* **TASK OBJECTIVE**: Omit the pictures, then reproduce every remaining record exactly.

* **SUPPLIED DATA**:
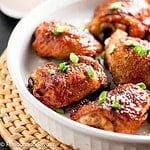 Chipotle honey-mustard glazed chicken thighs in a round white serving dish.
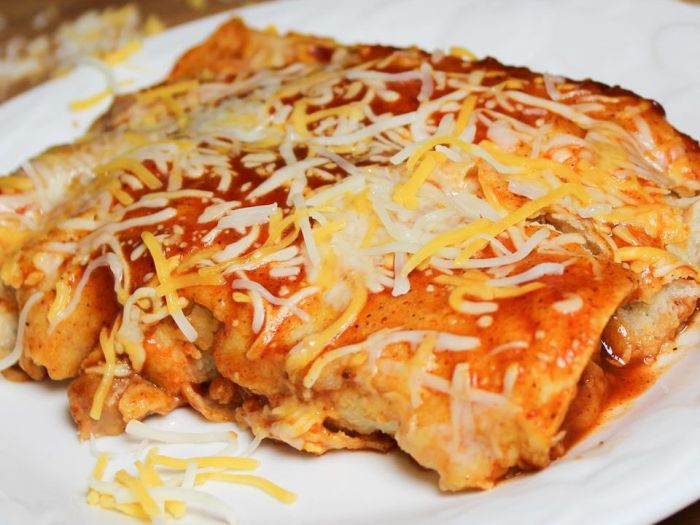 Refried bean and cheese enchiladas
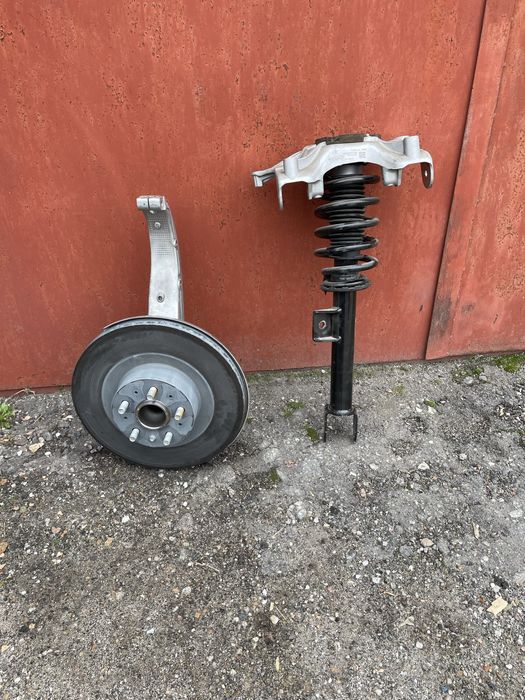 Tesla Y ступица поворотный кулак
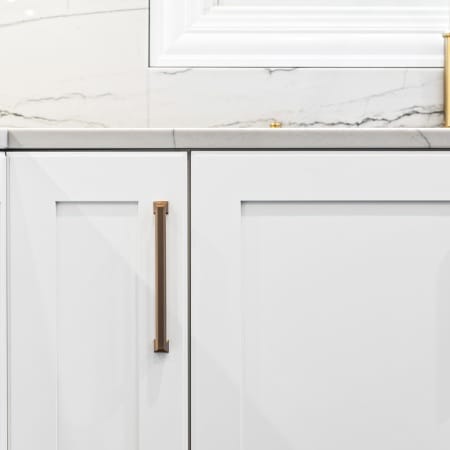 White Shaker with Gold Handle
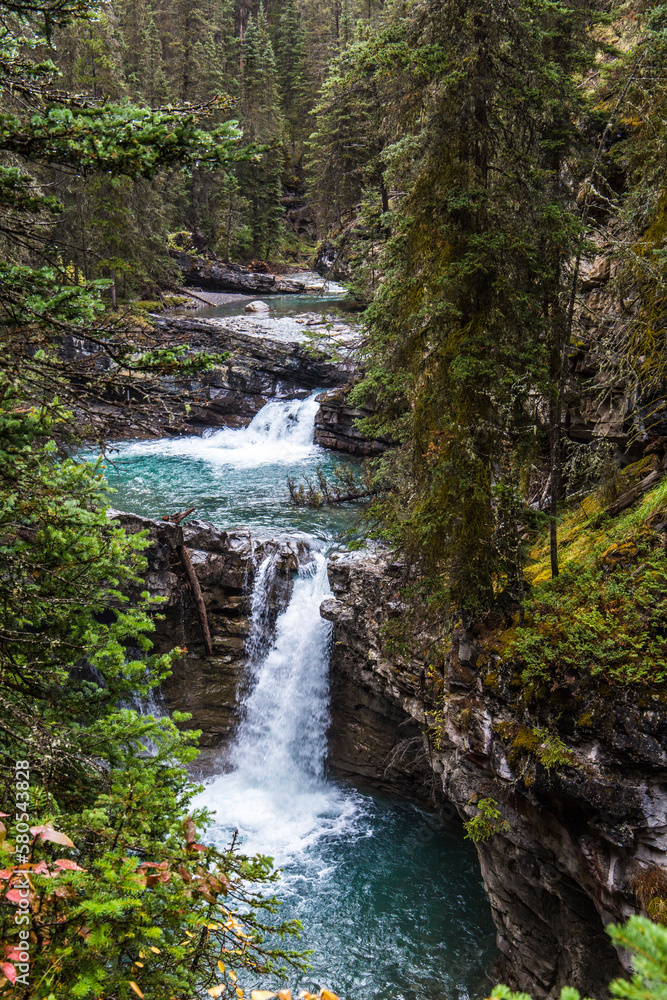 High angle view of waterfalls amidst forest at Banff National Park High angle view of waterfalls amidst forest at Banff National Park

* **SOLUTION FOR THIS EXERCISE**:
 Chipotle honey-mustard glazed chicken thighs in a round white serving dish.
 Refried bean and cheese enchiladas
 Tesla Y ступица поворотный кулак
 White Shaker with Gold Handle
 High angle view of waterfalls amidst forest at Banff National Park High angle view of waterfalls amidst forest at Banff National Park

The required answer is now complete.